*WHAT YOU WILL DO*
Each line from the one containing "Couscous with grilled" to the last line of the listing below is to be duplicated exactly, and no picture is to be carried over.

*MATERIAL FOR THIS EXERCISE*

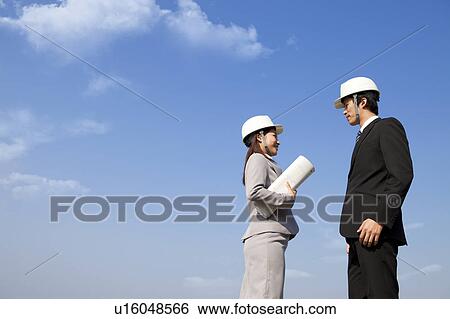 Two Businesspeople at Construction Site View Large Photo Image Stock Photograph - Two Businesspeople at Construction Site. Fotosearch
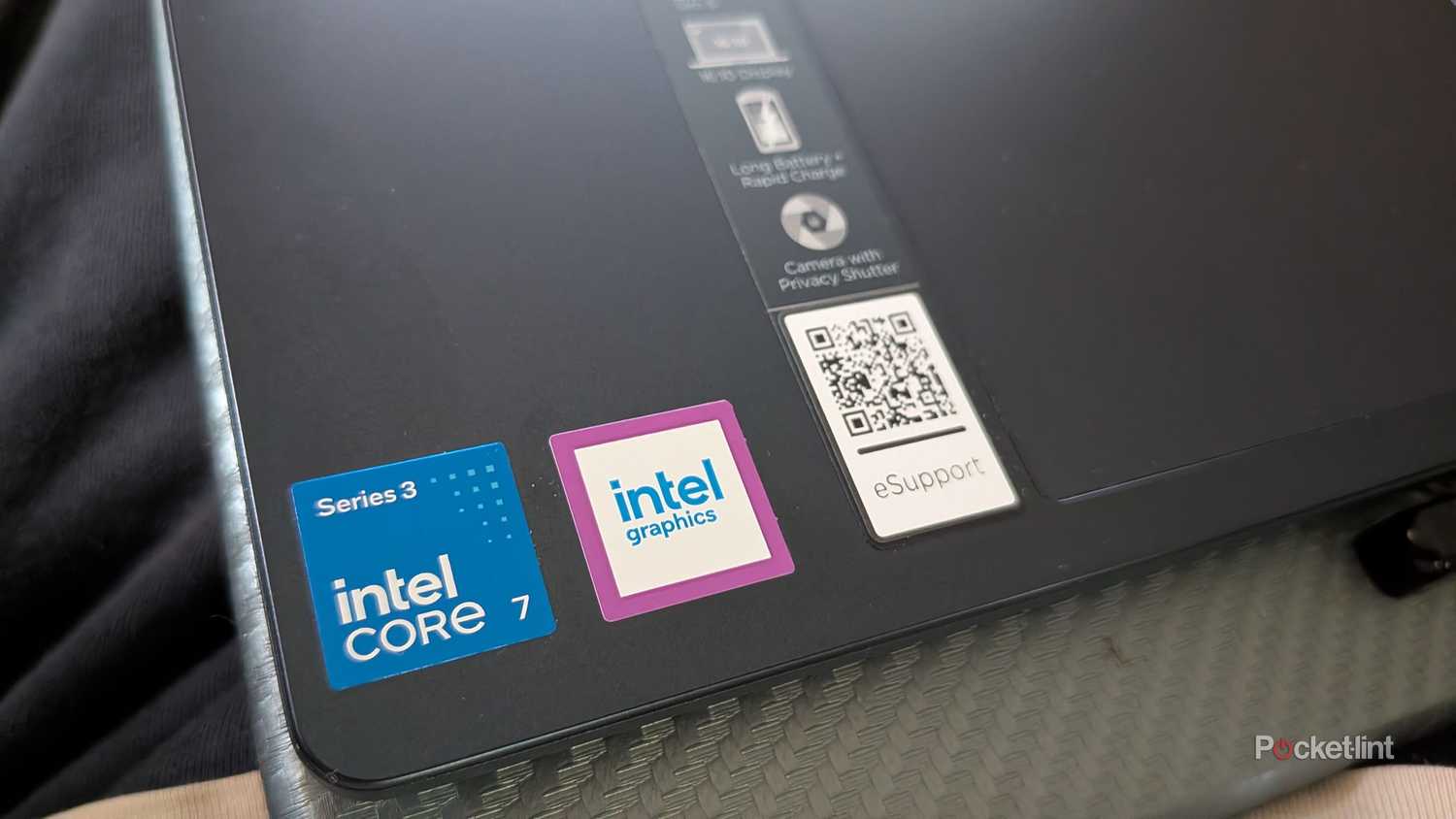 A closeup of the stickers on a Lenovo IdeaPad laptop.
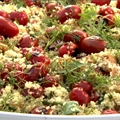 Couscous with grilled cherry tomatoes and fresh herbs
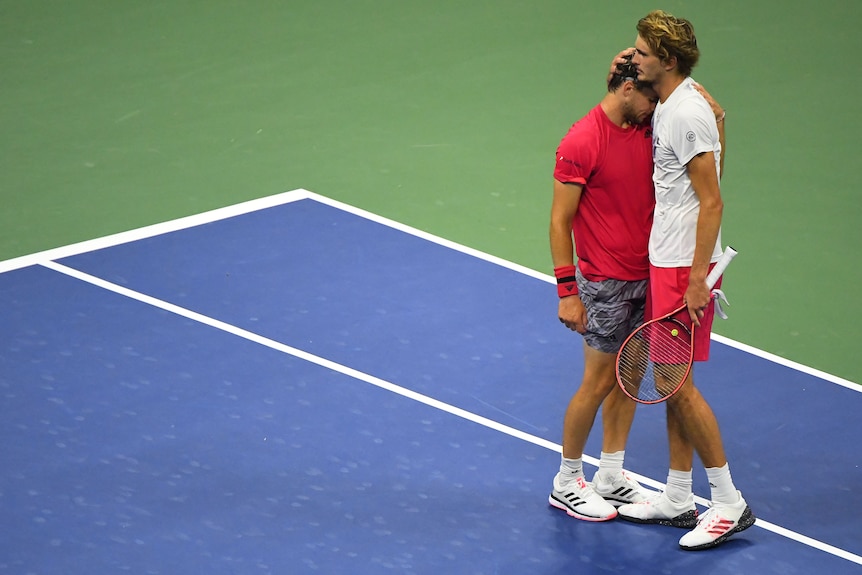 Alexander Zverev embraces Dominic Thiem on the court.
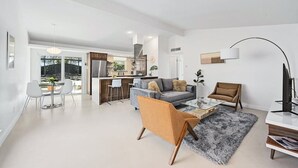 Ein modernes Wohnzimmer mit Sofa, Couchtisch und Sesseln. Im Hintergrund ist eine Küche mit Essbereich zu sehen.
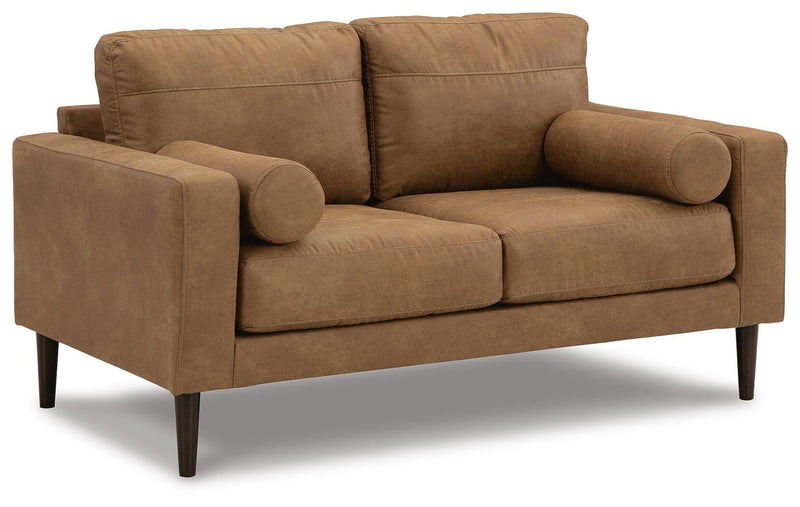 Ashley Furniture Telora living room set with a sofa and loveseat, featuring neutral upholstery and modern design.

*ANSWER*
 Couscous with grilled cherry tomatoes and fresh herbs
 Alexander Zverev embraces Dominic Thiem on the court.
 Ein modernes Wohnzimmer mit Sofa, Couchtisch und Sesseln. Im Hintergrund ist eine Küche mit Essbereich zu sehen.
 Ashley Furniture Telora living room set with a sofa and loveseat, featuring neutral upholstery and modern design.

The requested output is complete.